## Your objective
What's needed is an exact copy of the lines from the one that contains "Senior woman with virtual reality headset." to the end of the data below, leaving the pictures out.

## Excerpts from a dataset

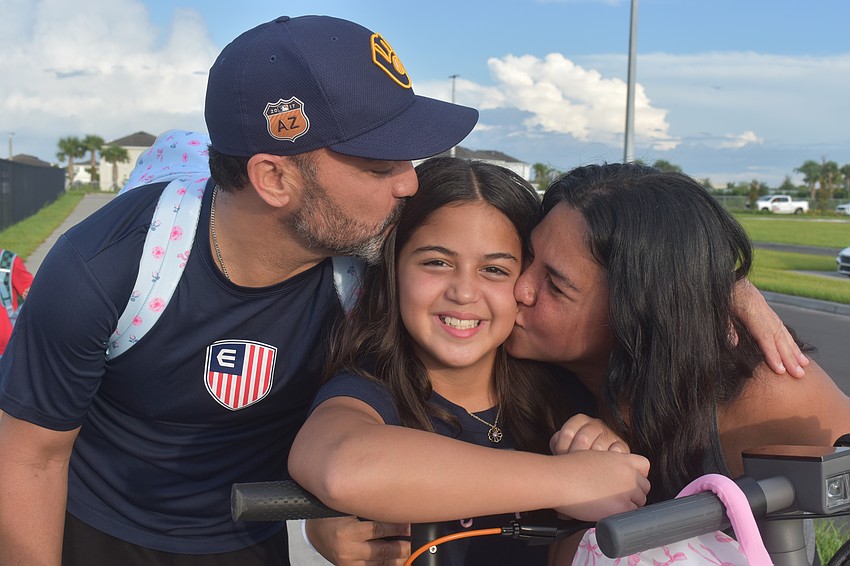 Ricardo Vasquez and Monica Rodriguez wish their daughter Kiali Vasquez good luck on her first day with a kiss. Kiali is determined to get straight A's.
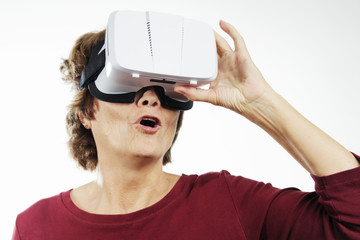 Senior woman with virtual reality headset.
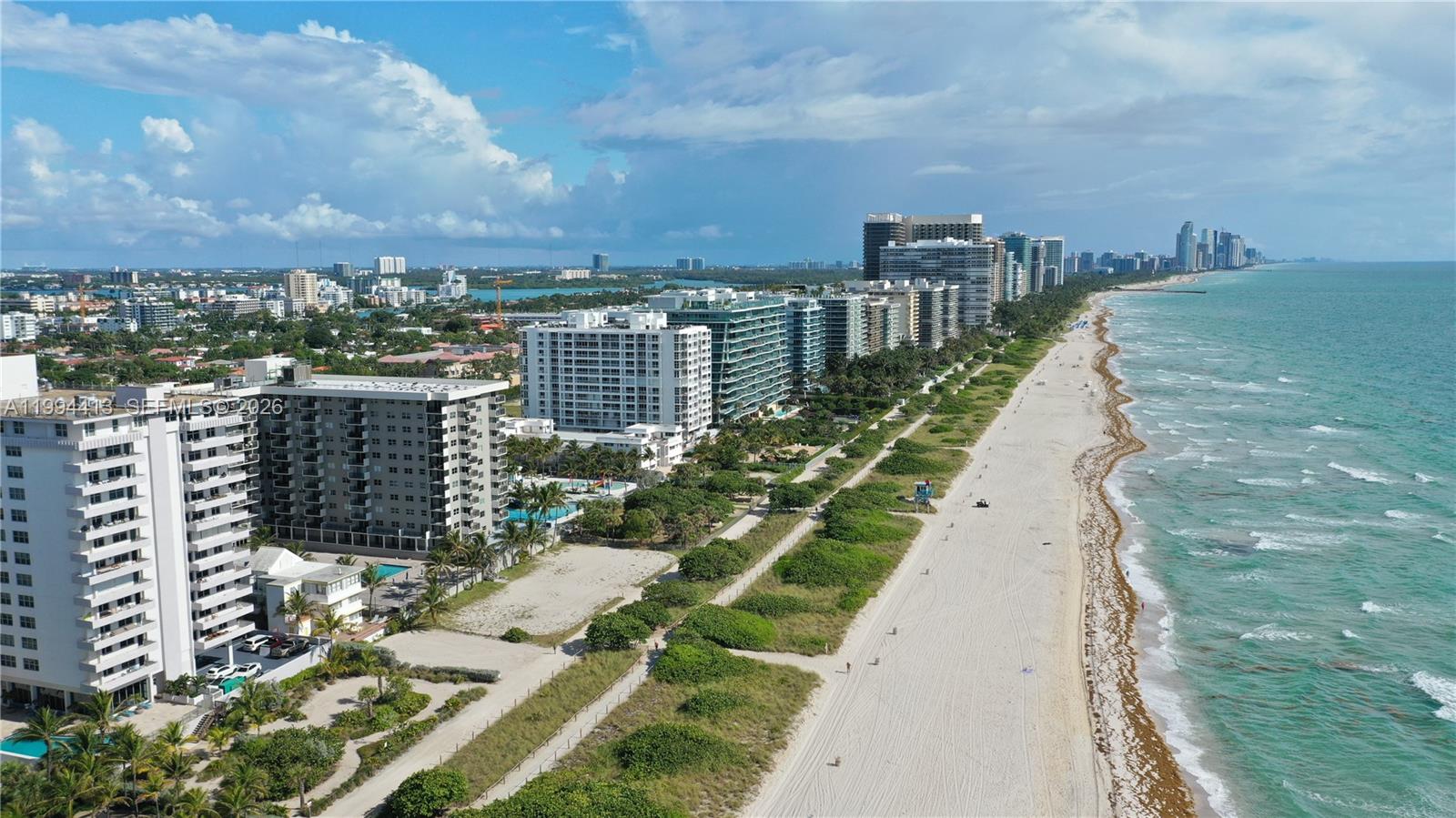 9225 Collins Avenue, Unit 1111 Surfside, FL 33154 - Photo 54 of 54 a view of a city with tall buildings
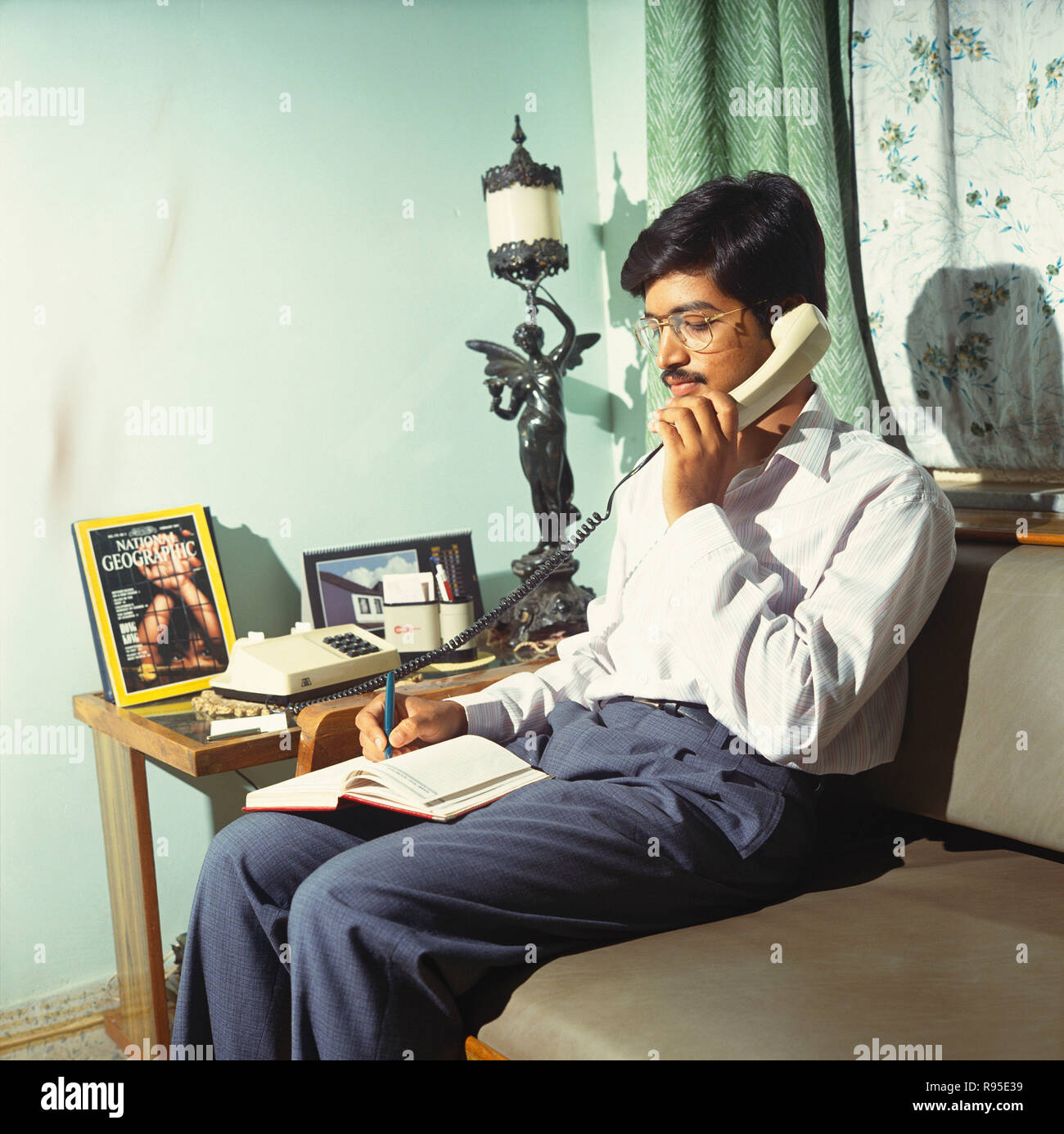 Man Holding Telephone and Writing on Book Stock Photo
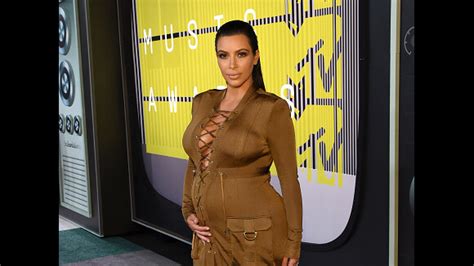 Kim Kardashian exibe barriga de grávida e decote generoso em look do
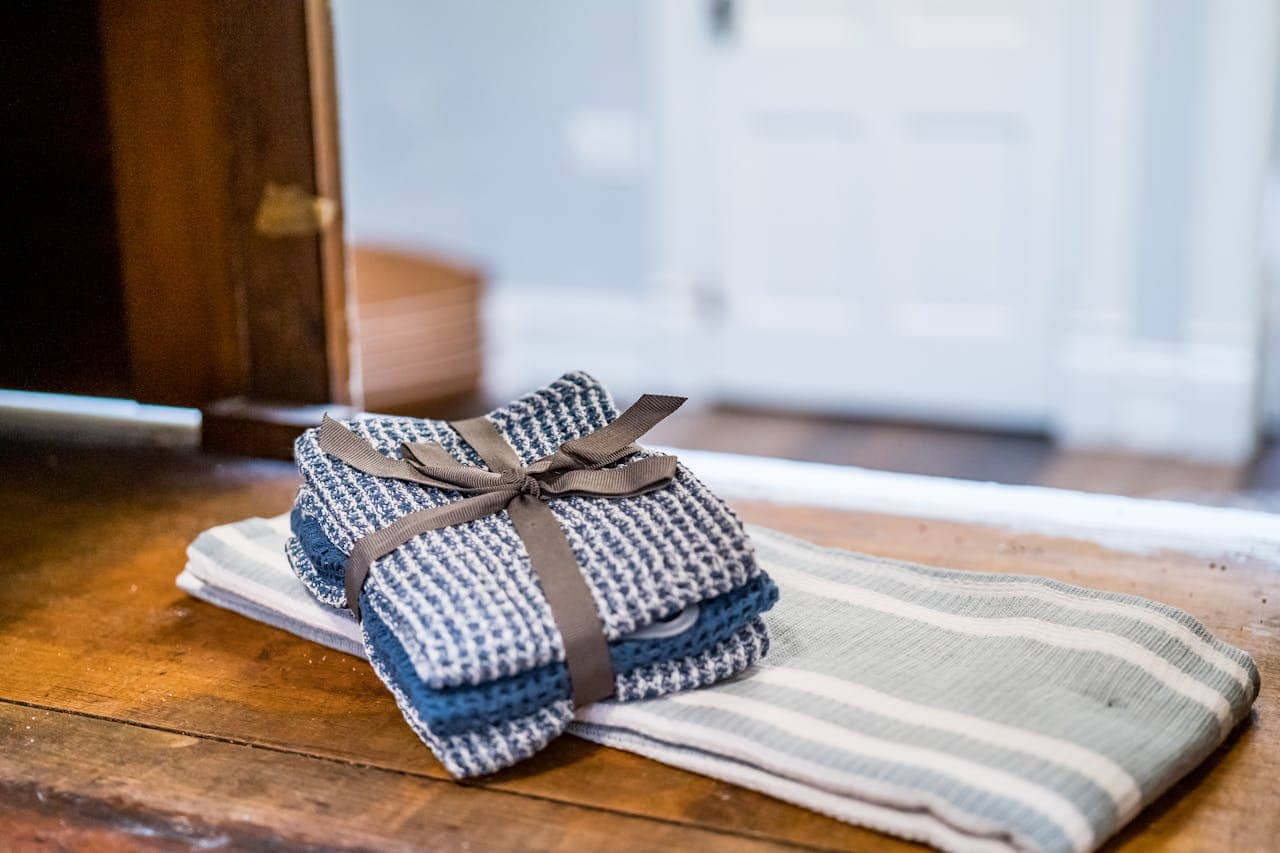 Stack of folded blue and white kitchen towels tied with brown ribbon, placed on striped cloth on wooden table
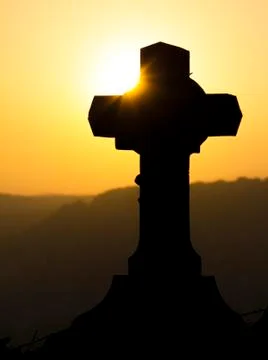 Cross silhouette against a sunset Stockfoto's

## Problem solution
 Senior woman with virtual reality headset.
 9225 Collins Avenue, Unit 1111 Surfside, FL 33154 - Photo 54 of 54 a view of a city with tall buildings
 Man Holding Telephone and Writing on Book Stock Photo
 Kim Kardashian exibe barriga de grávida e decote generoso em look do
 Stack of folded blue and white kitchen towels tied with brown ribbon, placed on striped cloth on wooden table
 Cross silhouette against a sunset Stockfoto's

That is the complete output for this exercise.